The Antiplanner is a forester and economist with more than fifty years of experience critiquing government land-use and transportation plans.

6 Responses to Cost Overrun; Revenue Shortfall

  1. metrosucks says:

    Hawaii is known for being very liberal, and they are going to get their liberalism delivered to them good and hard with this expensive anachronism. I expect, as in other cases, for transit’s share of travel to actually decrease once this boondoggle is finished (maybe even before it’s running), as the transit authority siphons off money from every corner of the earth to pay for its shiny new Lionel trains and their operation.

  2. msetty says:

    Wonder how the unpaid costs and negative externalities on Oahu compare to this.

    http://www.citylab.com/commute/2015/01/the-real-reason-us-gas-is-so-cheap-is-americans-dont-pay-the-true-cost-of-driving/384200/

    Of course these costs really don’t exist, according to most of the posters on this website.

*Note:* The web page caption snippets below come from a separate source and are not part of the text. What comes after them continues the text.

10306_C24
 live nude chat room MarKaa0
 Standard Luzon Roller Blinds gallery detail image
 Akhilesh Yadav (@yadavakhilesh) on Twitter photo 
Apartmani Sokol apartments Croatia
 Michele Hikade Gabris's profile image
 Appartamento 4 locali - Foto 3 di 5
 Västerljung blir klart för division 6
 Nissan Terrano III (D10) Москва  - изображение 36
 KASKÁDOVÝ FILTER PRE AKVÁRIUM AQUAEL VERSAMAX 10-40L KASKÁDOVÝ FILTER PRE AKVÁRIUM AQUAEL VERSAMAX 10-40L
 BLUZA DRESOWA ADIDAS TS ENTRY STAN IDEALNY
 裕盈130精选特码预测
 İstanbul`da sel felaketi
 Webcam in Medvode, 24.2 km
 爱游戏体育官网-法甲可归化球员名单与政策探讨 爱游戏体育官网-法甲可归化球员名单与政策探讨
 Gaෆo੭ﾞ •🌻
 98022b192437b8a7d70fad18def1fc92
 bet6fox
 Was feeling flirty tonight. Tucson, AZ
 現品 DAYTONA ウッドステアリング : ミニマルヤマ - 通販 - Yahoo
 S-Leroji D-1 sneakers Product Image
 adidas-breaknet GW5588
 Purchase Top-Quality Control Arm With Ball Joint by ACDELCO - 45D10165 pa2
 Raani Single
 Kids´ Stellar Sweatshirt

Never mind the calculated were made by Mark DeLucci of UC Davis, who also happens to be “pro-automobile.” But I’d say he is also realistic about its negative impacts and probably also understands the allegedly great benefits of driving, but appears willing to pay its downside.

  3. Frank says:

    “In fact, if we recognize that some census areas are really just suburbs to others, such as Concord (a suburb of San Francisco) and Bremerton (a suburb of Seattle), then Honolulu has the tenth highest rate of transit commuting.”

    Why include Bremerton (which is an hour from Seattle by ferry and 90 minutes by car) as a suburb of Seattle? Also, you can’t take a bus from Seattle to Bremerton, it’s in a different county, and it has a different transit system.

  4. MJ says:

    Never mind the calculated were made by Mark DeLucci of UC Davis, who also happens to be “pro-automobile.”

    According to whom?

  5. Frank says:

    “allegedly great benefits of driving”

    Not alleged. Proven.

    You know. So you can get from your grape ranch to downtown Napa. At least until Amazon pays for a streetcar line to your sprawling single family house.

  6. metrosucks says:

    Basically, anyone who doesn’t “recognize” the automobile as the tool of the devil that killed the enormously useful and highly advanced rail systems of this country (sic) is “pro-automobile” as per msetty. Oh, and also anyone who doesn’t admit that auto users owe a $50 trillion debt to the rail industry for stealing food from their hands and using it to buy subsidized gasoline and diesel.